"Aye, I spoke to Sir Alex the other day actually, he was delighted. He enjoyed coming to see our stuff at Hearts last season and he thought we had a special thing going. But he understood why I'm here, and we had a good chat the other day," Derek McInnes told the Daily Record on his appointment as Rangers manager.
Nine years after turning down the job, Derek McInnes has finally answered his boyhood club's call. That rejection in 2017 felt like the end of the story — a promising manager at the peak of his powers, walking away from a dream role because the circumstances did not align. Now, at 57, with a different ownership structure and a different landscape entirely, the circumstances have shifted. So has Sir Alex Ferguson's tone.
In 2017, when Dave King chaired Rangers, McInnes saw a club in transition. The chaos from administration was still settling, the uncertainty still palpable, the path ahead too murky. He had built something at Aberdeen — consistency, respect, a team that could compete on Scotland's biggest stage — and the risk of moving to Ibrox felt disproportionate to the prize.
"But I always hoped that it would come round," McInnes explained on his return. "I did say it would probably have to be a different set of circumstances, different owners and people with who there wasn't that sort of history from that time."
That time has come. New ownership, new direction, and the voice of Sir Alex Ferguson — the Manchester United legend who kept McInnes grounded nine years ago — now sounding relieved rather than cautious. McInnes consulted Ferguson before accepting, and Ferguson understood why the timing was right. At 57, McInnes becomes the 22nd man to occupy the Rangers manager's office. But his opening weeks will be shadowed by a VAR controversy and an incoming disciplinary charge that threatens to overshadow his arrival.
The challenge ahead
Rangers finished third in the Scottish Premiership with 72 points from 38 matches — respectable in isolation, but only until you glance at the table above. Celtic won the title with 89 points, a 17-point gulf that McInnes must close. In the hunt for the league, that gap feels like a chasm.
The underlying numbers tell a story of decline. Rangers won just one of their final five matches. They lost to Hibernian, Celtic, Hearts, and Motherwell — the kind of form trajectory that signals a reset was necessary. They scored 76 goals and conceded 43 across the season, a +33 differential that shows attacking punch but defensive fragility at pace.
McInnes arrives to manage a rebuilding job. His first test comes away at Dundee United on July 31. Dundee United finished seventh with 40 points — winnable on paper, dangerous in practice if a new manager's ideas have not yet taken hold. It's the kind of fixture where early cohesion matters enormously.
The VAR shadow
McInnes does not arrive into a clean slate. As Hearts manager, he publicly criticized VAR decisions in a way that has landed him in SFA trouble. During Hearts' final push, he called one penalty award — a decision by referee John Beaton on video assistant advice — "actually quite disgusting." That comment, made in the heat of Celtic's late-winner in the title race, has triggered an SFA investigation.

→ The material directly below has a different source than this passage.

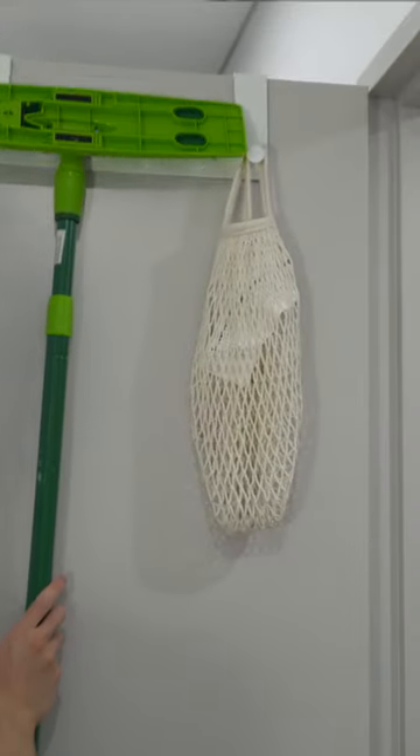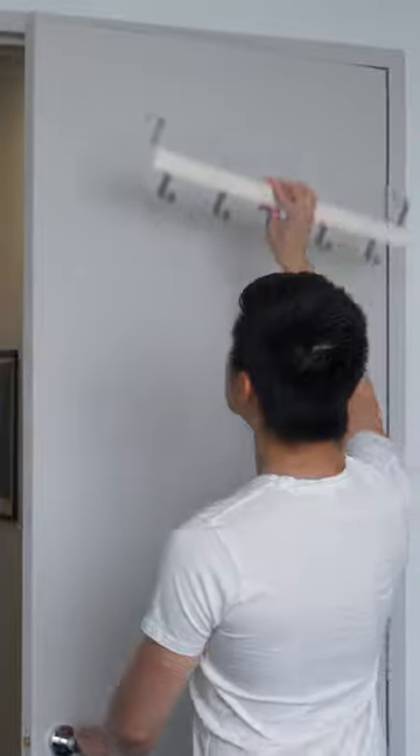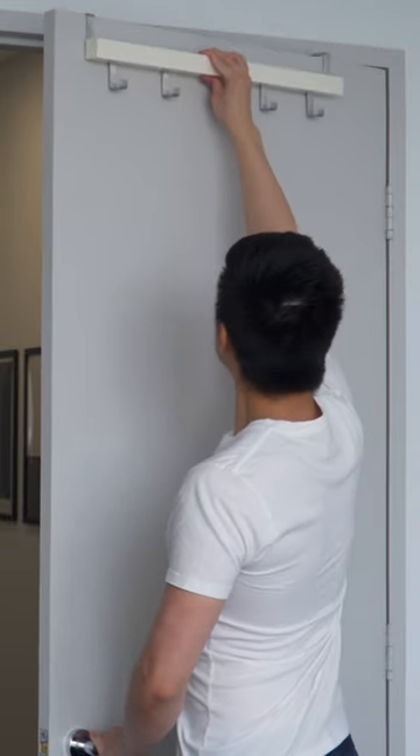Check out this rental friendly organization hack. Most people overlook vertical spaces like door frames and wall tiles for storage. You can use door hangers like this one from IKEA in your laundry, bedroom or bathroom to hang anything from clothes to towels to hats.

He faces a potential four-match touchline ban. The timing is brutal. McInnes could miss his opening fixtures at Ibrox — the very games where a new manager needs to impose identity, establish shape, and begin the work of closing that 17-point gap to defending champions Celtic.
Yet McInnes has made his choice. With Sir Alex Ferguson's blessing, he has decided that answering Rangers' call now, under these circumstances and despite this incoming ban, is worth the risk. The blessing of a man who turned him away nine years ago carries weight.
FAQ
Will Derek McInnes succeed at Rangers?
McInnes arrives with Sir Alex Ferguson's blessing after nine years away. Rangers finished third, 17 points behind Celtic, with just one win in their final five matches. The challenge is substantial, but McInnes has the backing of Scottish football's greatest manager.
Why did Derek McInnes reject Rangers in 2017?
When Dave King chaired Rangers, McInnes saw a club still in transition after administration. He felt the circumstances did not align. McInnes always believed Rangers would return, but only under different ownership and with different people in charge.
What is the VAR touchline ban for Derek McInnes?
McInnes faces a four-match touchline ban for publicly criticizing a VAR penalty decision while Hearts manager. He called the penalty award 'actually quite disgusting.' The ban could see him miss his opening fixtures at Ibrox.
How big is the gap between Rangers and Celtic?
Celtic won the Scottish Premiership with 89 points. Rangers finished third with 72 points — a 17-point gap. McInnes must close this deficit in his opening months as Rangers manager.